## WORK REQUIRED
From the listing below, output the lines between the one with "Stance 9 Piece" and the one with "低跟鞋 MODA MODAY 韓系氣質蝴蝶結微尖頭樂福粗低跟鞋－黑", including those two, and nothing else. Pictures are not copied.

====== DATA FOR REVIEW

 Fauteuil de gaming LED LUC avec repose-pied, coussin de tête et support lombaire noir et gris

============
====== DATA FOR REVIEW

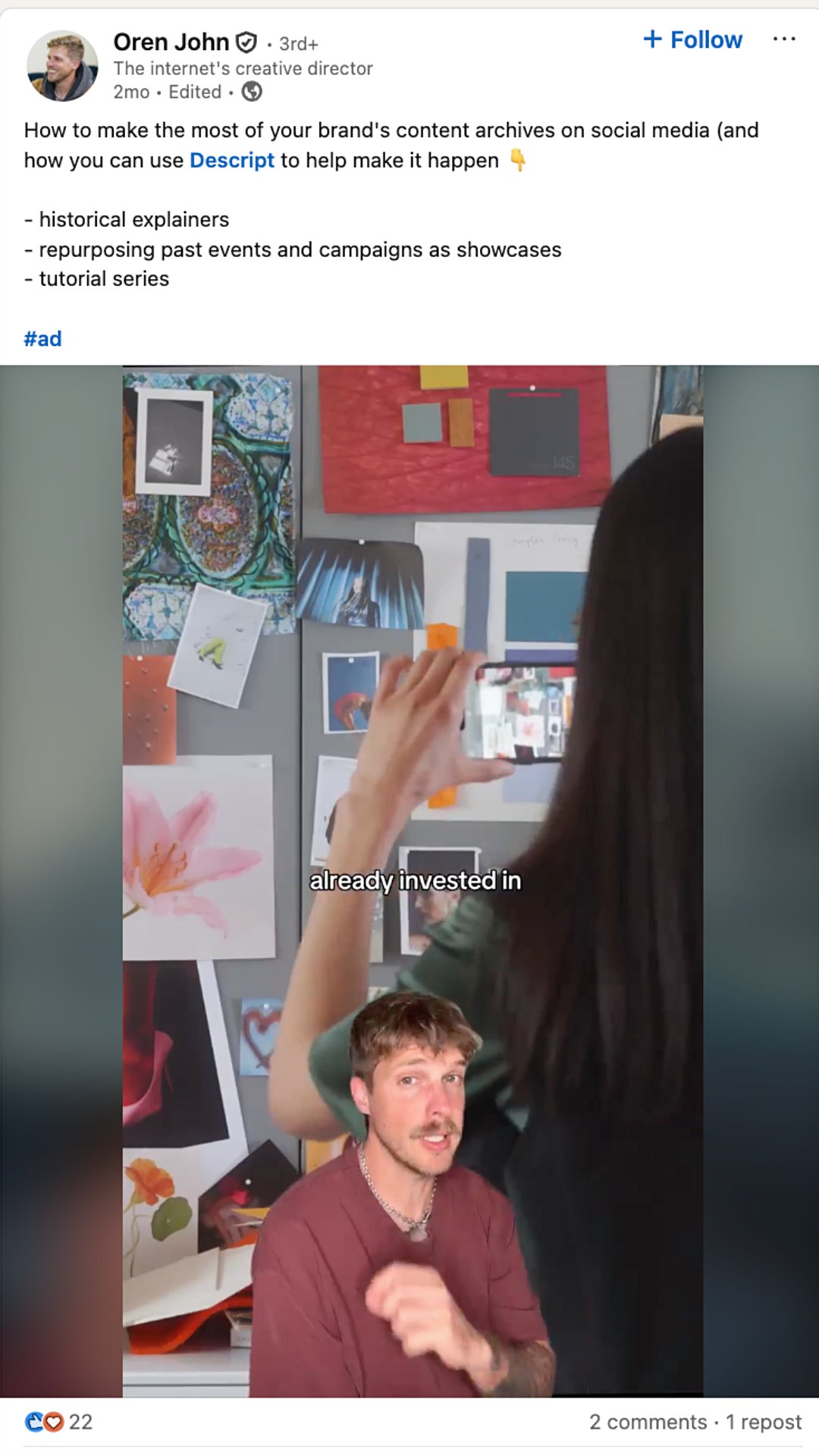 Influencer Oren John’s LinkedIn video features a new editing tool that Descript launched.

============
====== DATA FOR REVIEW

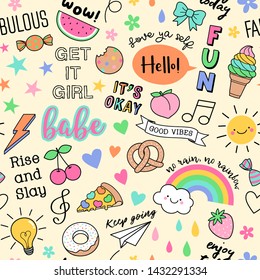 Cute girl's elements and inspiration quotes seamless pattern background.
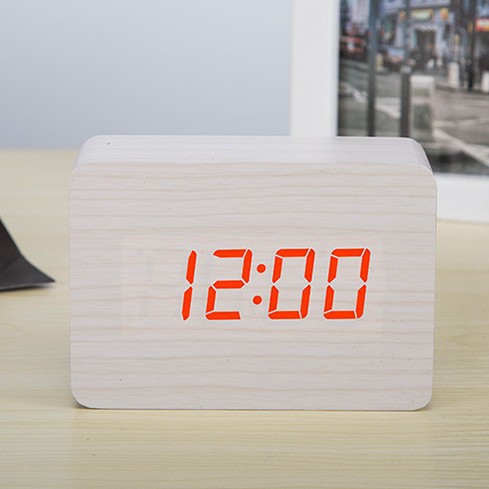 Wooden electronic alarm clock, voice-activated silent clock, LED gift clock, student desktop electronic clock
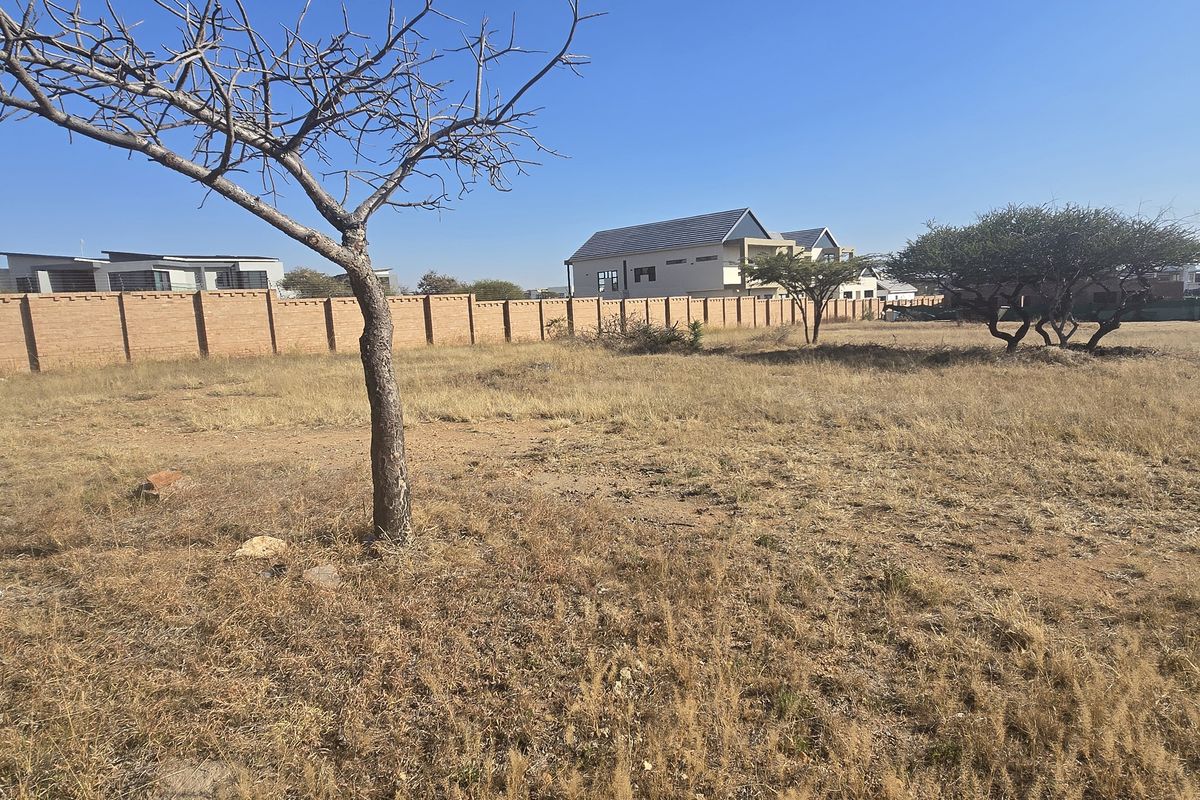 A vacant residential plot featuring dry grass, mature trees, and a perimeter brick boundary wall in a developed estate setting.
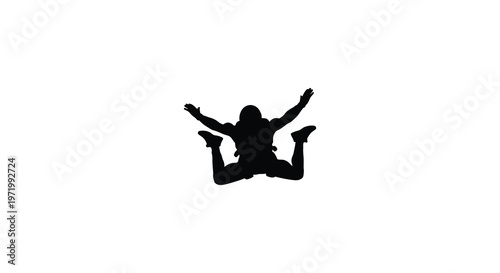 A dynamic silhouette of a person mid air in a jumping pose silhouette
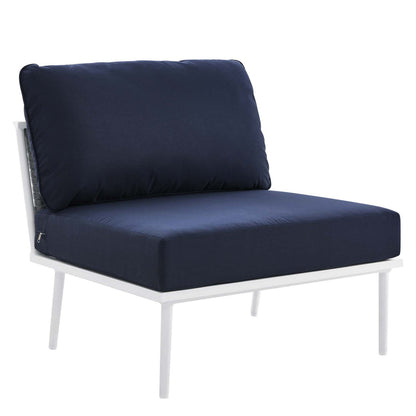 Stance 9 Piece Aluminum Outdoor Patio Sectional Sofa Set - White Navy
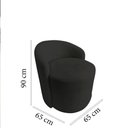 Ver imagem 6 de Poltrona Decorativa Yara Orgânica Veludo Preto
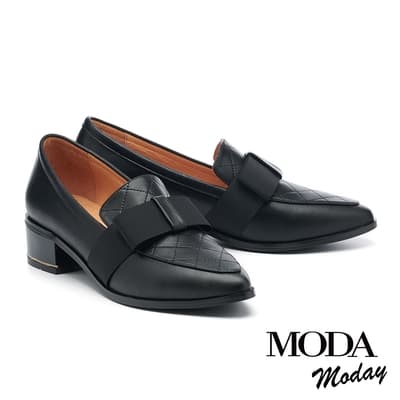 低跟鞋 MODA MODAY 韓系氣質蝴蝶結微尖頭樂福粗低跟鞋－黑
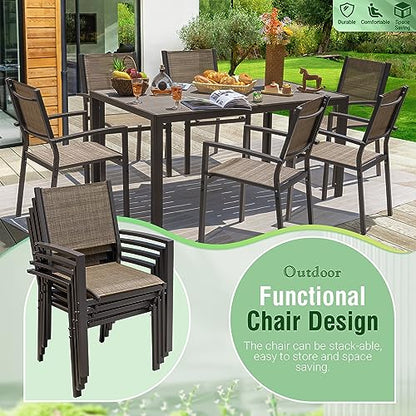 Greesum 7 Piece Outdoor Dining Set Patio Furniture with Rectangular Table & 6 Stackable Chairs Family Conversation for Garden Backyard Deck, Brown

============

## TASK RESULT
 Stance 9 Piece Aluminum Outdoor Patio Sectional Sofa Set - White Navy
 Ver imagem 6 de Poltrona Decorativa Yara Orgânica Veludo Preto
 低跟鞋 MODA MODAY 韓系氣質蝴蝶結微尖頭樂福粗低跟鞋－黑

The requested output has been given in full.